As a fitness consultant, I find that words like “exercise” are used to mean different things by different people. Another example of this the phrase ‘getting back into shape’. Depending on the person, this could mean either building muscle mass, burning fat or increasing physical performance at a specific activity like weight lifting or running, or a combination of all of these things.

Because “getting into shape” is such a subjective idea, as a fitness professional, I would have to ask some more detailed questions to determine what the client is really after.

Now consider this phrase: “I need to exercise more”. As someone in the fitness industry, I hear these five words on an almost daily basis from different people, (often in the same tone of voice as confessing their sins to a priest). So this is a widely used term, but like getting into shape’, the term ‘exercise’ also can mean different things to different people.

This is mainly because the activities that people consider to be ‘exercise’ are so diverse. Swimming, tennis, track racing, sumo wrestling, yoga and body building are all considered exercise, but each of these can have very different effects on the body. And as I shall explain below, not all of these activities can actually be considered ‘exercise’ for a critical reason.

But first let me share with you the definition of exercise that I believe is the most useful.

From Merriam-Webster’s Dictionary:

exercise |ˈɛksəsʌɪz| noun
1 [ mass noun ] physical activity that is done in order to become stronger and healthier


Similarly to Webster’s definition, I define exercise as an activity that requires physical exertion with the objective of maintaining or improving health.

Exercise’s main objective is to improve your health. Exercise may also keep you motivated, make you sweat and even be fun. But none of these are the primary goal of exercise, they are just the effects That’s right, you read that correctly – the amount of sweat you produce from your sweat glands is not necessarily indicative how effectively you are exercising.

So if we adopt the definition of ‘exercise’ as an activity to promote health, then what about sports? Are sports considered exercise?

Yes and no.

Now I love sports. I got into this profession because of my love of playing sports. Sports are not only huge fun; if played intensively enough, many sports can change your body composition and improve your health immensely. That’s because all sports have some element of exercise built in to them. Most sports require a decent level of physical exertion – I say ‘most’ because there are some people who actually think throwing darts, or shooting pool are sports, but that’s an ENTIRELY different discussion…

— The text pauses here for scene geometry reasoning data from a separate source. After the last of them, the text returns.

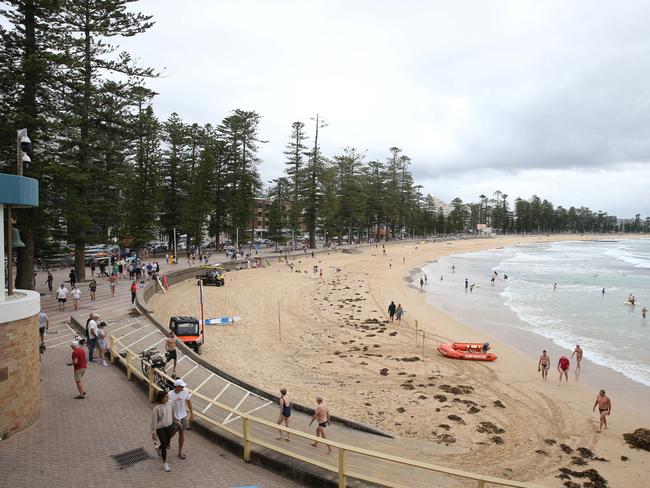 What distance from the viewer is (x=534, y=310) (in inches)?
1238

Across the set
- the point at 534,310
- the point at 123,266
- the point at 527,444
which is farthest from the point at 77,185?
the point at 534,310

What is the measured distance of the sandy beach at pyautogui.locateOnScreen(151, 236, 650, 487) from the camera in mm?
10727

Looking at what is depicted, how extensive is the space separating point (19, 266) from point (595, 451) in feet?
80.0

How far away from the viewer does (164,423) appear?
6.89m

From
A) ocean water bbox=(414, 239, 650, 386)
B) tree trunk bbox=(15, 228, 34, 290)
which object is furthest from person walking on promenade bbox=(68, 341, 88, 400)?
ocean water bbox=(414, 239, 650, 386)

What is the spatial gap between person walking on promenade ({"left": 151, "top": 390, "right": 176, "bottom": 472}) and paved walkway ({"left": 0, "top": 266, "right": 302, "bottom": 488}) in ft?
1.13

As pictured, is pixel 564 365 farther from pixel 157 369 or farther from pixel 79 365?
pixel 79 365

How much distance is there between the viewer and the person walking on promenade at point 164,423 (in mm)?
6859

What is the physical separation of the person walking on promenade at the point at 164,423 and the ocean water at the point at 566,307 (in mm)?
18543

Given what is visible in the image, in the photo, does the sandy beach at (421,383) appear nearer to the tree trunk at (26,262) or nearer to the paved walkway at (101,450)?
the paved walkway at (101,450)

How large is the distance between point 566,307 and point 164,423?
1305 inches

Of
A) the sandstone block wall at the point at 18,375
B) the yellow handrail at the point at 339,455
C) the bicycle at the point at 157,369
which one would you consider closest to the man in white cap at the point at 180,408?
the yellow handrail at the point at 339,455

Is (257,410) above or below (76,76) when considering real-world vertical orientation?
below

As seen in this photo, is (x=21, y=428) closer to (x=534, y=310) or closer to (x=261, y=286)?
(x=261, y=286) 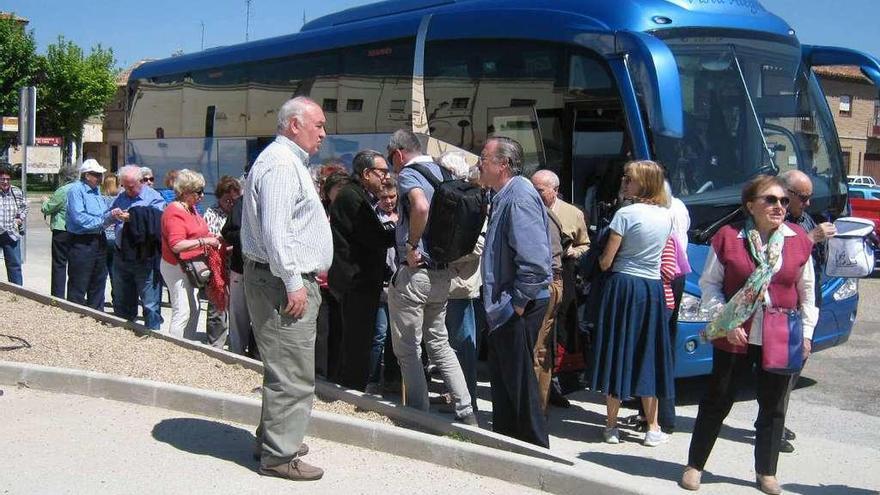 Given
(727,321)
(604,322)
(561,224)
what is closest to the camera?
(727,321)

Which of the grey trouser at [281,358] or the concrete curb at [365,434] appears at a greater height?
the grey trouser at [281,358]

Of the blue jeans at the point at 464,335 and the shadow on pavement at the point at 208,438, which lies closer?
the shadow on pavement at the point at 208,438

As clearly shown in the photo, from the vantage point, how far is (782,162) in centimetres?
796

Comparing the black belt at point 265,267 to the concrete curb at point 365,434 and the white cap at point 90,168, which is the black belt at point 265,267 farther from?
the white cap at point 90,168

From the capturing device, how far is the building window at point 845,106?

marathon-498500_1280So all physical sports have some elements of exercise built in. But in order to judge whether any given sport is ‘exercise’, we need to dig a little bit further. Now there are several criteria we could use to measure how effective a sport is as an exercise, including the effect of the sport on cardio-respiratory conditioning, its ability to help you shed dangerous visceral fat, and the rate at which you acquire muscle mass during the sport, among other things.

But there is one critical dimension to whether a sport can be considered an exercise, which is: the risk of injury associated with the activity.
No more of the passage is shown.